Kristen Chandler's writing is precise and real.  I loved how the conversations between KJ and the other teens felt real, not contrived or made overly dramatic.  The teens in this story spoke like real teens, even if driven by convictions and ethics that make them admirable.  KJ is not just the ideal beauty queen or ugly duckling looking for reassurance from the male population.  In fact, I can't recall KJ, the teen, coming up hardly at all.  This story is about KJ, the daughter, friend, and peer; this is about KJ the activist and community member who wants to be heard.  For this, I think that this teen novel was an incredible read.

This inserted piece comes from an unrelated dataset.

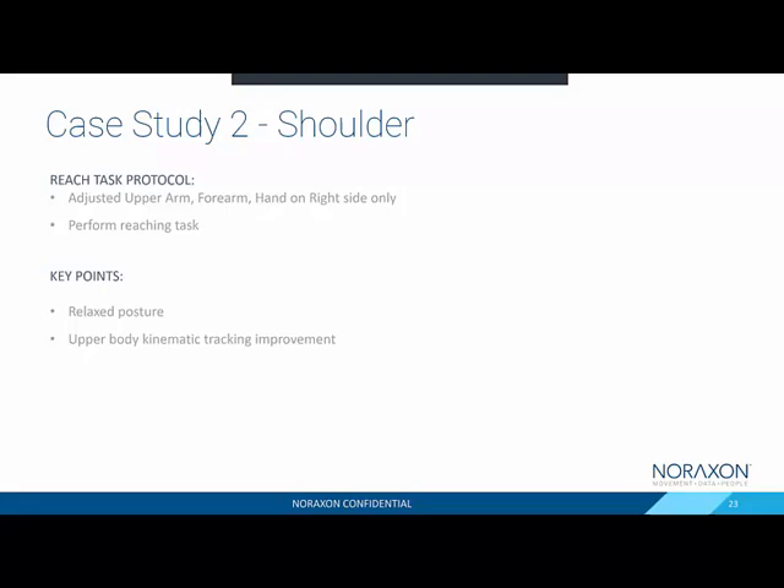The second case study involves a reaching task where the subject was to move a stack of objects from one point to another. We digitized her upper arm, forearm, and hand on the right side only, so we could show the effect of calibration adjustment between the two sides. The key points to look for are the relaxed posture of the patient as well as the kinematic improvements.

Although the wolf issues facing Idaho, Montana, and Wyoming are not hot button issues for much of the rest of the country, I can adamantly say that for my home state of Idaho it is beyond controversial.  I grew up an hour from Yellowstone Park and a mere 40 minutes from Island Park and other surrounding mountain areas where people ranch and farm.  Wolves are considered the ultimate evil to a cattle rancher.  Because of this status, the reintroduction of wolves sent every conservative farmer and rancher in the state on their heels, at the ready with their shotguns to protect their livestock.  Since moving out of state, I haven't followed the issue much, but do know that the wolves have flourished and I'm sure have spread outside the park.  To this issue, Kristen Chandler's novel tackles it head on, through the eyes of her teen protagonist and friends.  

There is a feel that this is a pro-wolf novel, but both sides of the issue seem nicely presented so that even if you were unfamiliar with all of the background on this issue, that you understood how both sides felt.  KJ's story shows how this issue has affected her family (a relationship with a single-parent father who isn't as plugged in as he should be), her community, and her school life.  As a writer on the school newspaper, KJ tackles the wolf issue by writing a column that looks at the wolves for what they are, an animal in a thriving ecosystem.  The controversy of writing about the wolves soon follows her into her out of school life and sets an engaging, dramatic story into motion.

I really enjoyed this YA novel and can't say enough about how fresh it felt.  Honestly, it was a breath of fresh air.  There is nothing paranormal, dystopian, or even that teen drama loaded in this novel, which makes it intriguing.  There is drama, there is romance, and there is teen to parent relationships being examined, but nothing that feels trite or overworked.  In short, I felt that this was a great read that seemed like uncharted territory.  

As a quick side note, I offered this novel for a book circle choice in my Popular Fiction class.  One of the groups selected it and quickly devoured it before it was due.  When they presented their final project, the group couldn't have been more glowing in their reviews and were highly defensive of it.  In fact, when a boy quipped that it looked like another dumb rip off of a shape-shifter novel, the group jumped all over his comment, telling them it wasn't remotely like anything they've read lately and a darn good book to boot.  I was impressed!  If you can impress some pretty well read teens, with pretty picky tastes and opinions, then you know it was a good read.

*FTC Disclosure:  This review was based off a personal copy of the novel.
What's the most recent, truly fresh-feeling novel you've read lately?  

1 comment:

  1. I thought overly dramatic statements was de rigueur for teenagers? No? ;)

    We don't have a lot of wolves around here, just foxes and coyotes.